Directions for this task: The answer is the exact text of every line from the one that contains "TASTEFUL MADE 尼龍面料壓條拼接寬大版型滑面運動套裝" to the final line of the entries below, with pictures left out.

(Stored entries)
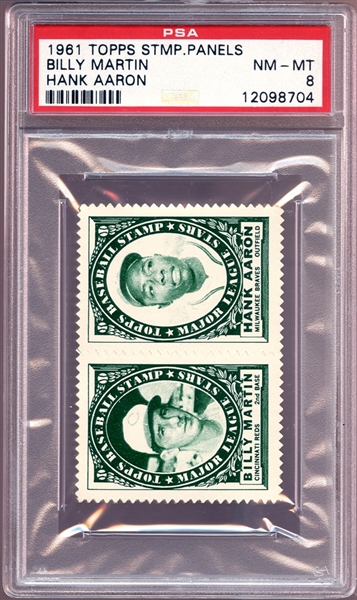 1961 Topps Stamp Panels Billy Martin/Hank Aaron PSA 8 NM/MT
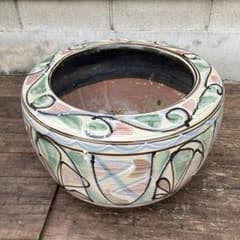 陶器 火鉢 大型 ビオトープ 水鉢 陶器 めだか鉢 おしゃれ メダカ鉢 睡蓮鉢 信楽焼 メダカ 睡蓮鉢 特大 古民具　金魚鉢 アンティーク 昭和レトロ 工芸品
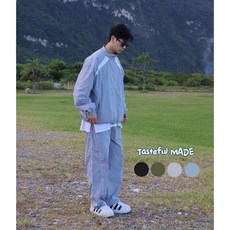 TASTEFUL MADE 尼龍面料壓條拼接寬大版型滑面運動套裝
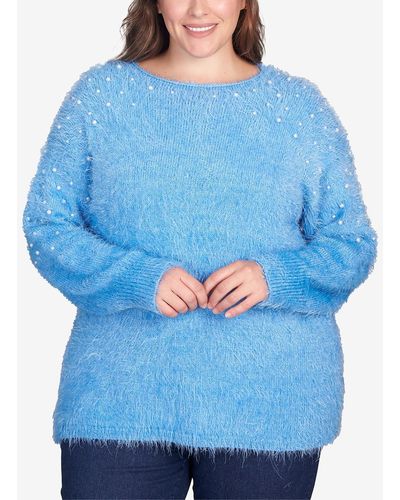 Ruby Rd. Plus Size Imitation Pearl Studded Metallic Eyelash Sweater - Blue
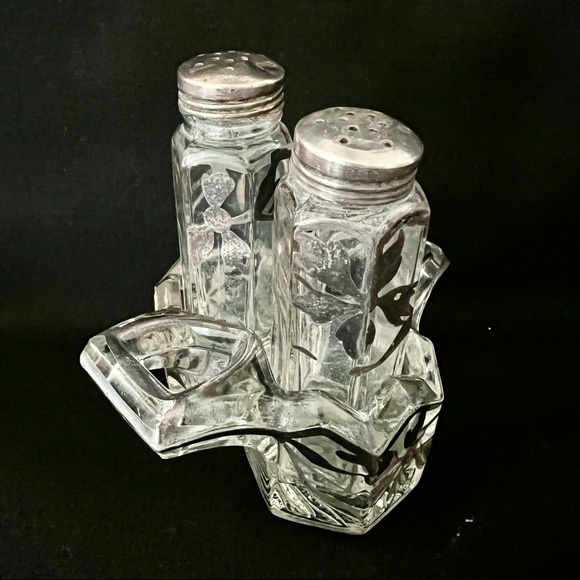 Vintage Silver Over Lay Salt & Pepper Shaker With Caddy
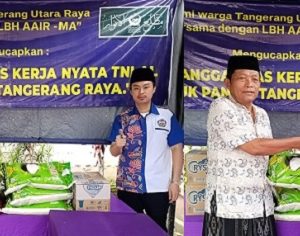 Wakili DPP IPTI dan DPW IPTI Banten, Septeven Huang, S.H serahkan bantuan sembako 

Written reply:
 TASTEFUL MADE 尼龍面料壓條拼接寬大版型滑面運動套裝
 Ruby Rd. Plus Size Imitation Pearl Studded Metallic Eyelash Sweater - Blue
 Vintage Silver Over Lay Salt & Pepper Shaker With Caddy
 Wakili DPP IPTI dan DPW IPTI Banten, Septeven Huang, S.H serahkan bantuan sembako 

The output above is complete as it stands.